> [ASSIGNMENT]: Reproduce the whole of the records exactly, and make sure no picture is carried into the result.

> [Source records]:
• • •
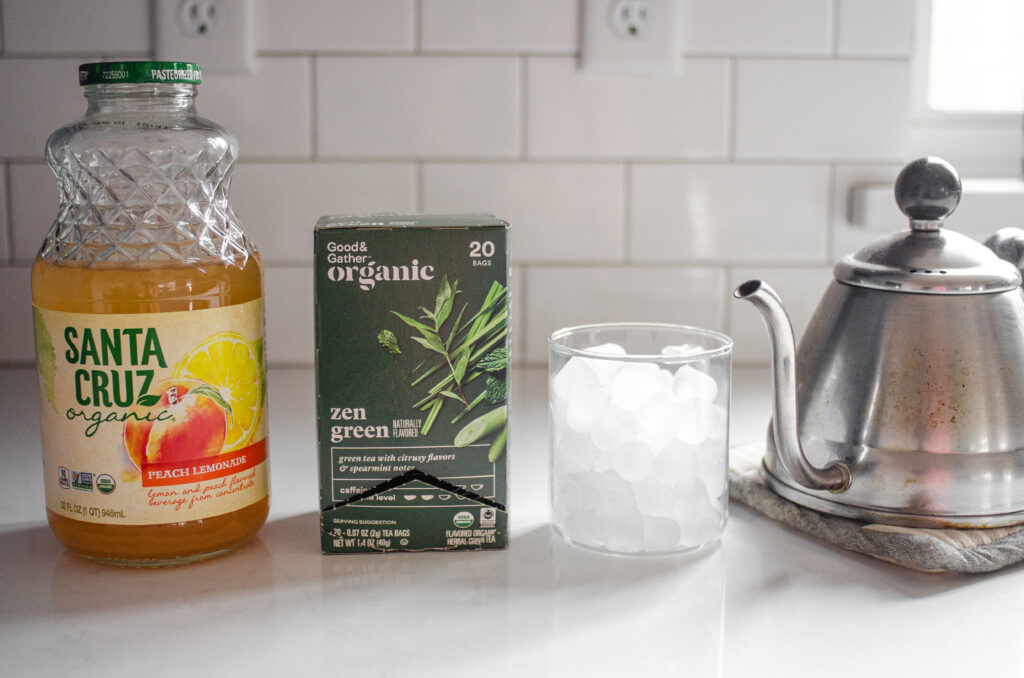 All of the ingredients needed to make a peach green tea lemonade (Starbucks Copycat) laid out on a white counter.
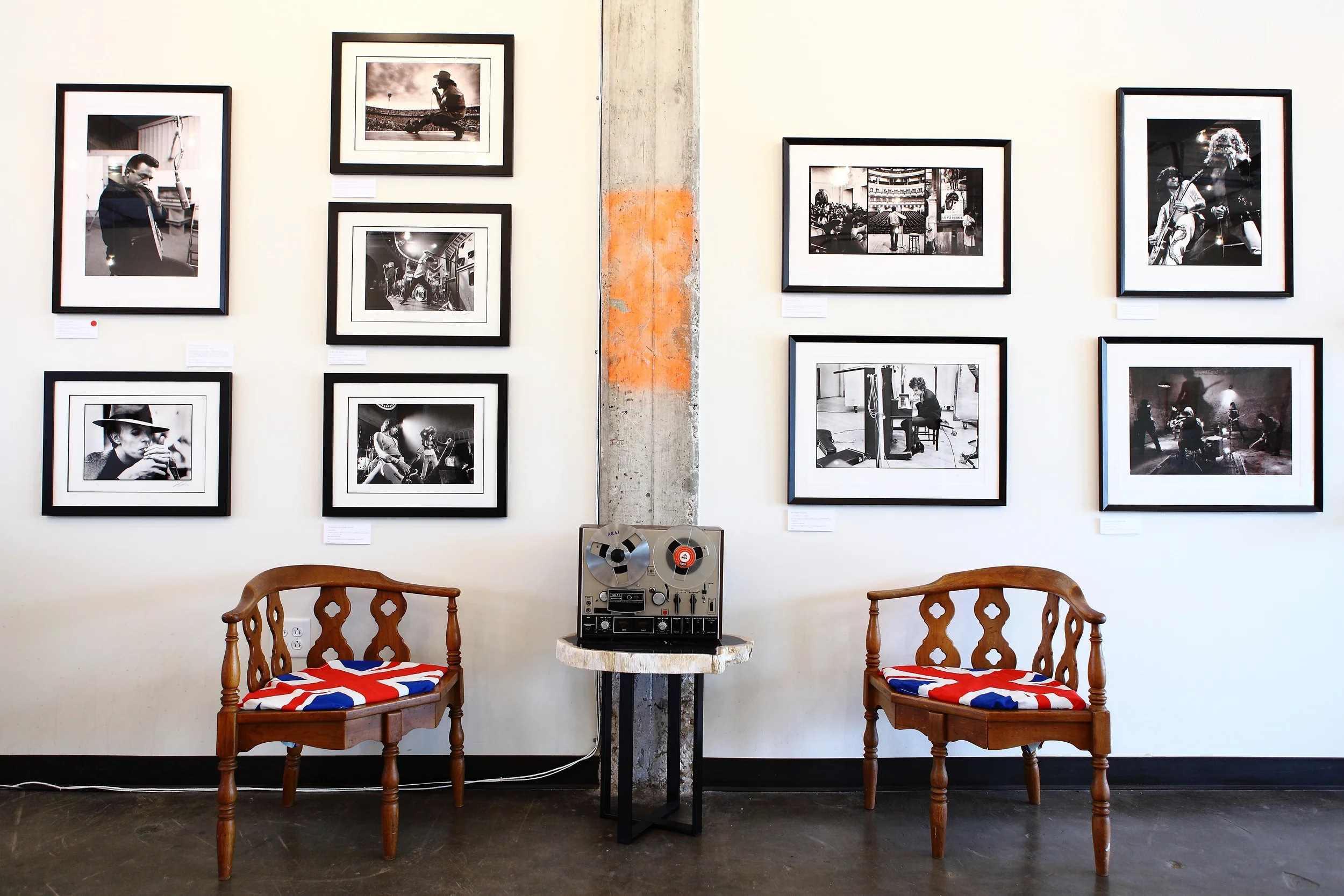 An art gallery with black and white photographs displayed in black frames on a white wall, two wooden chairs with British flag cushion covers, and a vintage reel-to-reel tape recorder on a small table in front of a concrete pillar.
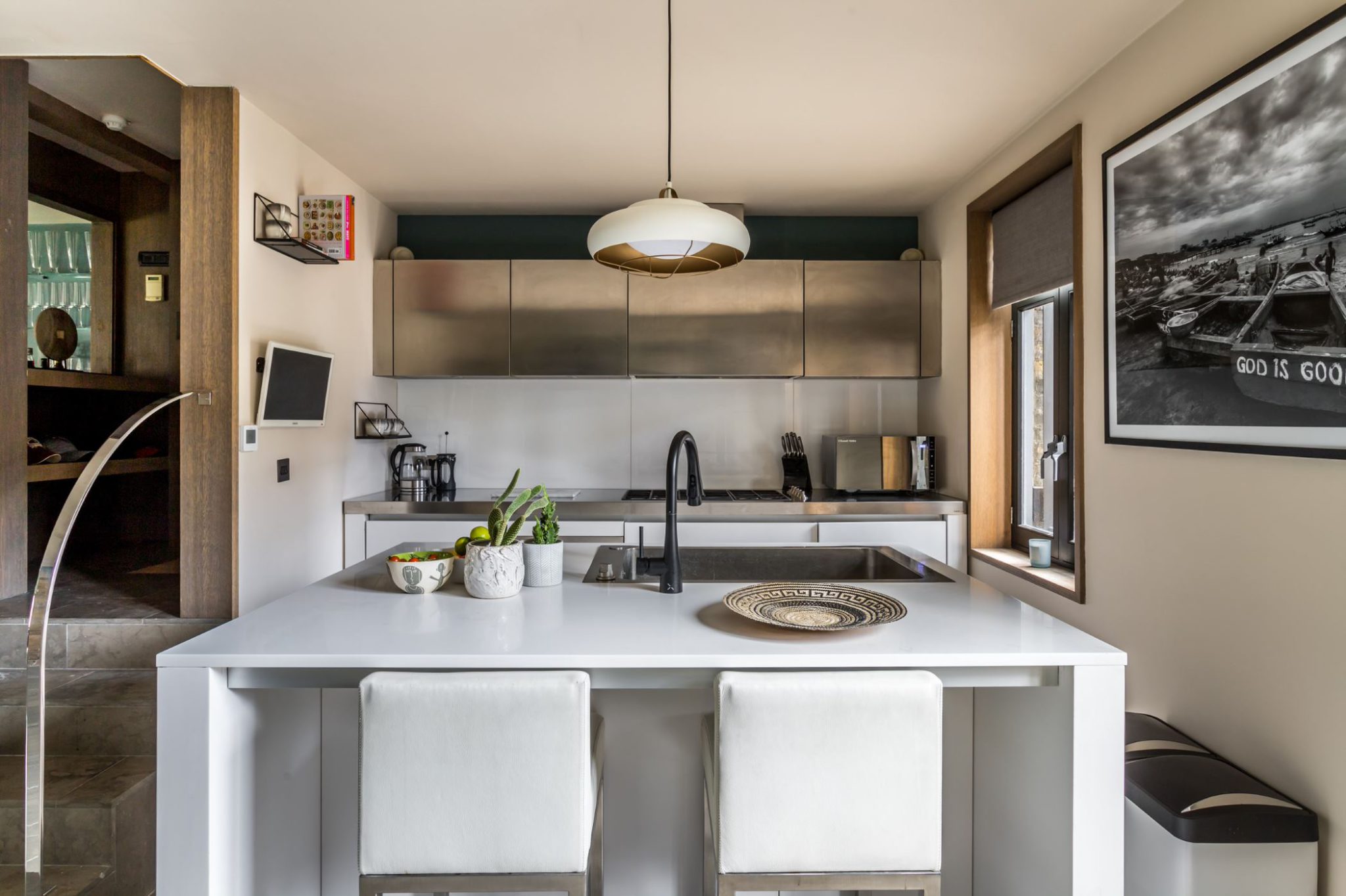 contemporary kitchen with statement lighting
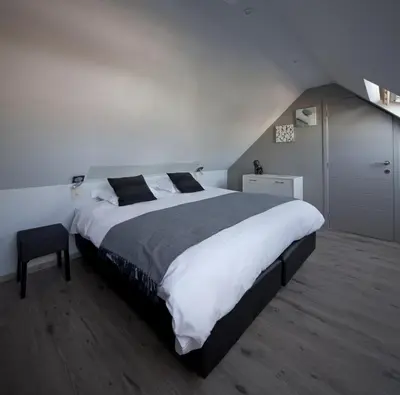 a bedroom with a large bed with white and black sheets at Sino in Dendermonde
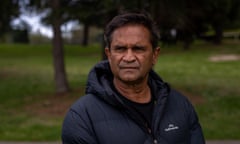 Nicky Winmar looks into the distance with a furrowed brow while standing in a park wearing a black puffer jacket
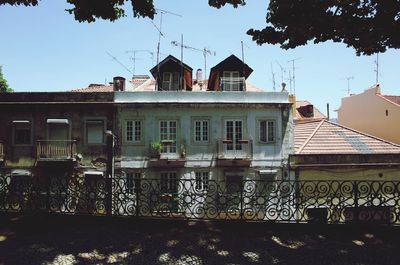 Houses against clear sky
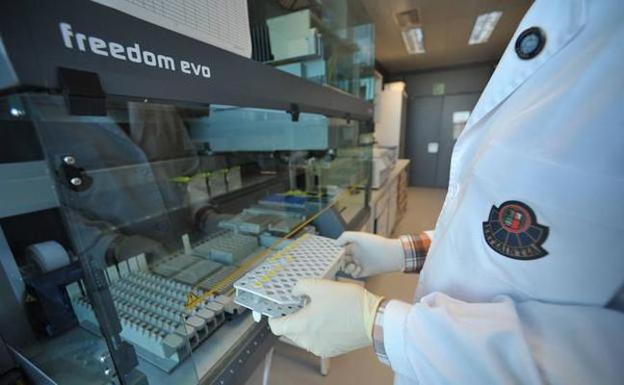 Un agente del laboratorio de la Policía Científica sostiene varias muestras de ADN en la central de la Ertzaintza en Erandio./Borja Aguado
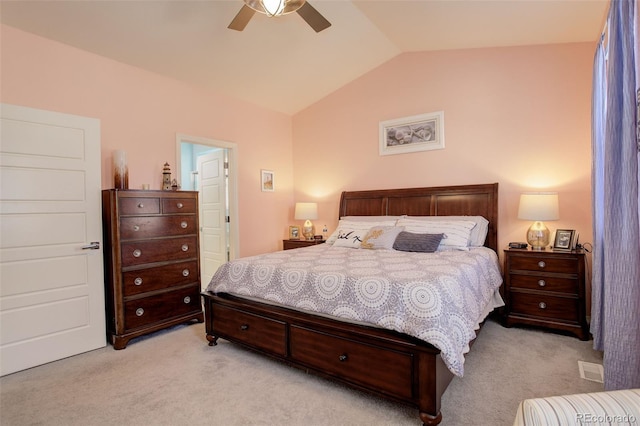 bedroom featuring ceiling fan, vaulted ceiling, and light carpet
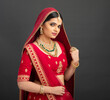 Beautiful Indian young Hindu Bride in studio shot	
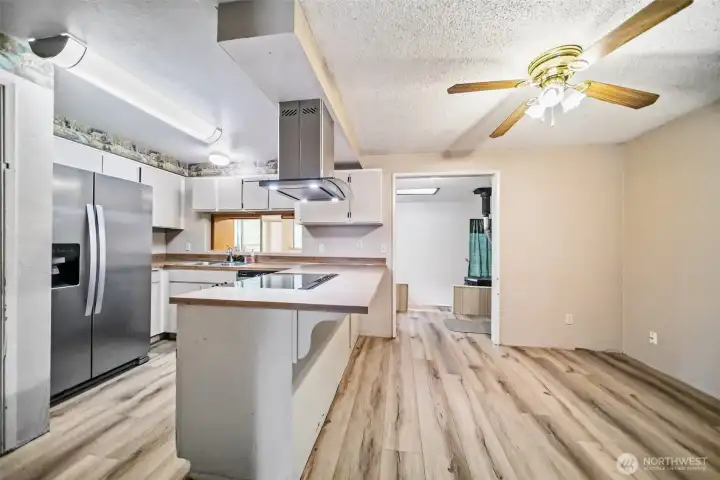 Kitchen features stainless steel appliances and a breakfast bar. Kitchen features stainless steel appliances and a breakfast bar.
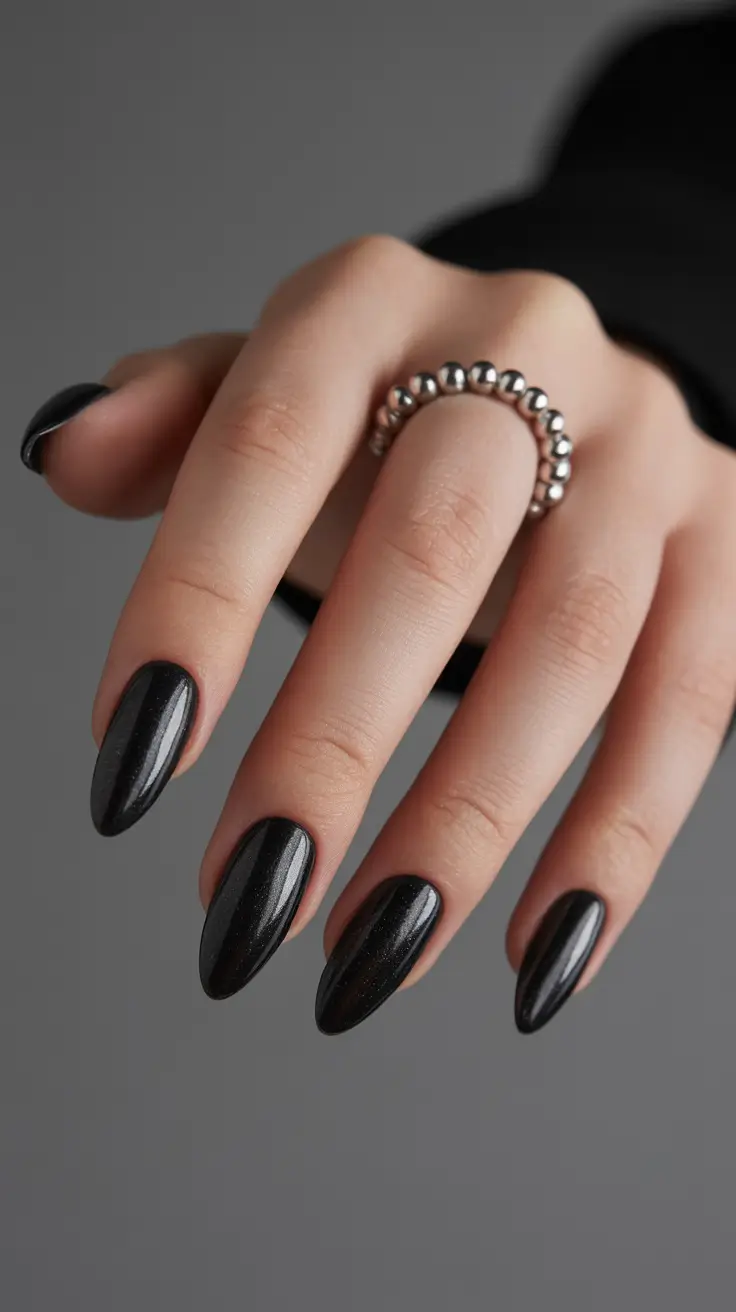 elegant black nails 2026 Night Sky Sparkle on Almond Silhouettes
• • •
> [REPLY TO THE EXERCISE]:
 All of the ingredients needed to make a peach green tea lemonade (Starbucks Copycat) laid out on a white counter.
 An art gallery with black and white photographs displayed in black frames on a white wall, two wooden chairs with British flag cushion covers, and a vintage reel-to-reel tape recorder on a small table in front of a concrete pillar.
 contemporary kitchen with statement lighting
 a bedroom with a large bed with white and black sheets at Sino in Dendermonde
 Nicky Winmar looks into the distance with a furrowed brow while standing in a park wearing a black puffer jacket
 Houses against clear sky
 Un agente del laboratorio de la Policía Científica sostiene varias muestras de ADN en la central de la Ertzaintza en Erandio./Borja Aguado
 bedroom featuring ceiling fan, vaulted ceiling, and light carpet
 Beautiful Indian young Hindu Bride in studio shot	
 Kitchen features stainless steel appliances and a breakfast bar. Kitchen features stainless steel appliances and a breakfast bar.
 elegant black nails 2026 Night Sky Sparkle on Almond Silhouettes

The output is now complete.